Create a BackendConfigPolicy with your outlier detection policy. The following example ejects an unhealthy upstream host for one hour if the host returns one 5XX HTTP response code. Note that the maximum number of ejected hosts is set to 80%. Because of that, only one replica of httpbin can be ejected at any given time. If two replicas were ejected, that would exceed the 80% maximum threshold (because the two replicas equal 100%).

kubectl apply -f- <<EOF
kind: BackendConfigPolicy
apiVersion: gateway.kgateway.dev/v1alpha1
metadata:
  name: httpbin-policy
  namespace: httpbin
spec:
  targetRefs:
    - name: httpbin
      group: ""
      kind: Service
  outlierDetection:
    interval: 2s
    consecutive5xx: 1
    baseEjectionTime: 1h
    maxEjectionPercent: 80
EOF

Setting	Description
`interval`	The time interval after which the hosts are evaluated to determine if they are healthy or not. In this example, the hosts are evaluated every 2 seconds. If not set, this field defaults to `10s`.
`consecutive5xx`	The number of consecutive server-side error responses, such as 5XX HTTP response codes for HTTP traffic and connection failures for TCP traffic, before a host is ejected from the load balancing pool. In this example, you remove the host when one 5XX HTTP response code is returned. If not set, ejection occurs after 5 consecutive errors by default. If this field is set to 0, passive health checks are disabled.
`baseEjectionTime`	The duration that a host is removed from the load balancing pool before a new evaluation starts. If not set, this field defaults to `30s`.
`maxEjectionPercent`	The maximum percent of hosts that can be ejected from the load balancing pool. In this example, 80% of all hosts can be ejected at a given time. If not set, this field defaults to `10` percent.

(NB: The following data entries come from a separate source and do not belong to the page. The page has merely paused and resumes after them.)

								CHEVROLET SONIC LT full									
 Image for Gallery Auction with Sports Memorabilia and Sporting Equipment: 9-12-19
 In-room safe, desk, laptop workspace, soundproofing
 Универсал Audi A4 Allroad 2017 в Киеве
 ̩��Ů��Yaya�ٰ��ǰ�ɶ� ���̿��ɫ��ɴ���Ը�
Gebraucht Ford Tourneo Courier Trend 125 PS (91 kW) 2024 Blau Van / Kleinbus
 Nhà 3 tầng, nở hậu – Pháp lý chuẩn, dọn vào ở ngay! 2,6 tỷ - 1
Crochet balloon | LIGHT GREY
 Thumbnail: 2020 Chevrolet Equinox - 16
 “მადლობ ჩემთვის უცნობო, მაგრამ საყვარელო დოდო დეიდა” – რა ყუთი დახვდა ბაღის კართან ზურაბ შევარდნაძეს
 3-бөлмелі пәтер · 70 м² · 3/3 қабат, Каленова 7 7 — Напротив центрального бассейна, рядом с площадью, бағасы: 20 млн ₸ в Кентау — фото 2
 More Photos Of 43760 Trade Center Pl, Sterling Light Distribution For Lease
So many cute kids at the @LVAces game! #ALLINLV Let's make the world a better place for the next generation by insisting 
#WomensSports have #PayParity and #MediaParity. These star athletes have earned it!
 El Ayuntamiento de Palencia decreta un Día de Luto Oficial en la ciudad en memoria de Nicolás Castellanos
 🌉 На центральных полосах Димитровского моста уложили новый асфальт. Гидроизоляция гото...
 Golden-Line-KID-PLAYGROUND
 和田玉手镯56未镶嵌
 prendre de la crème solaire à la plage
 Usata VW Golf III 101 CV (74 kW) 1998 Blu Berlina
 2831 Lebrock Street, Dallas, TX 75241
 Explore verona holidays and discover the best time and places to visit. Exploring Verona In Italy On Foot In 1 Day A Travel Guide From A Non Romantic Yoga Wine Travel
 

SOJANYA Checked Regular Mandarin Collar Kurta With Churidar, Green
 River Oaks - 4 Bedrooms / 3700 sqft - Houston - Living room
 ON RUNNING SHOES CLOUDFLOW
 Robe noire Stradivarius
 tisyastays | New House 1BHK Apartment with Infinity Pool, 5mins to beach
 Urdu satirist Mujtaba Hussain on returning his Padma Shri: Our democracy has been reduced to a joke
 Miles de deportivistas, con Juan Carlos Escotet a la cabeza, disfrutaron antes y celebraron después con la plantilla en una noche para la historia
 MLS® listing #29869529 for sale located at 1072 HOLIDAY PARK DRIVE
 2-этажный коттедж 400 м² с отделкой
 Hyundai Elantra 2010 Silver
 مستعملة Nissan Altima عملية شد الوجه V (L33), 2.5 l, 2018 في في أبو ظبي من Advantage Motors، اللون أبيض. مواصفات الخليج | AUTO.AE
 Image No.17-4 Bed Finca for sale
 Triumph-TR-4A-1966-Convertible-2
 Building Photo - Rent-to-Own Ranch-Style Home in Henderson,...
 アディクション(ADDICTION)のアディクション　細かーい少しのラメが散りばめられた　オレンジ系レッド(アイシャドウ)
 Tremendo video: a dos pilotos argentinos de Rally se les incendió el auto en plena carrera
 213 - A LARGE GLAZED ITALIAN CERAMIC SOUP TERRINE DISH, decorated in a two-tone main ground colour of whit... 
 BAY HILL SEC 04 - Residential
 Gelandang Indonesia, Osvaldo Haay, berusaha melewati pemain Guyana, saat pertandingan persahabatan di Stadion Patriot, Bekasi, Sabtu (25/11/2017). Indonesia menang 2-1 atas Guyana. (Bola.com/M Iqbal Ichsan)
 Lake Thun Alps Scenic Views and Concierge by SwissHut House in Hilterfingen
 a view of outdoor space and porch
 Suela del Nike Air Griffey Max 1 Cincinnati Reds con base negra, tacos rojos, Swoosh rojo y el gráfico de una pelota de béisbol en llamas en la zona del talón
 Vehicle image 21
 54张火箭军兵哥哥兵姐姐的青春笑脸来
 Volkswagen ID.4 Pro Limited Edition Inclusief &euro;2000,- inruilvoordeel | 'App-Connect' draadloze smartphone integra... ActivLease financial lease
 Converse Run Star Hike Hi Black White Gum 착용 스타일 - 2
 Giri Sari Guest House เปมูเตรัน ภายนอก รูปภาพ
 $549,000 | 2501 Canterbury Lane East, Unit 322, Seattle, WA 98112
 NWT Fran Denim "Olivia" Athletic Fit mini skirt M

Repeat the requests to the httpbin app. In the log output for both httpbin replicas, verify that all requests are still spread across both httpbin instances.

for i in {1..5}; do curl -vi http://$INGRESS_GW_ADDRESS:8080/status/200 -H "host: www.example.com:8080" ; done

for i in {1..5}; do curl -vi localhost:8080/status/200 -H "host: www.example.com:8080"; done

Force one httpbin replica to return a 503 HTTP response code. This response code triggers the outlier detection policy and automatically removes this httpbin replica from the load balancing pool for 1 hour.

curl -vik http://$INGRESS_GW_ADDRESS:8080/status/503 -H "host: www.example.com:8080"

curl -vi localhost:8080/status/503 -H "host: www.example.com:8080"

Example output:

* Request completely sent off
< HTTP/1.1 503 Service Unavailable
HTTP/1.1 503 Service Unavailable
< access-control-allow-credentials: true
access-control-allow-credentials: true
< access-control-allow-origin: *
...

Send a few more requests to the httpbin app. In the logs for both replicas, verify that all requests now only go to the instance that is still considered healthy.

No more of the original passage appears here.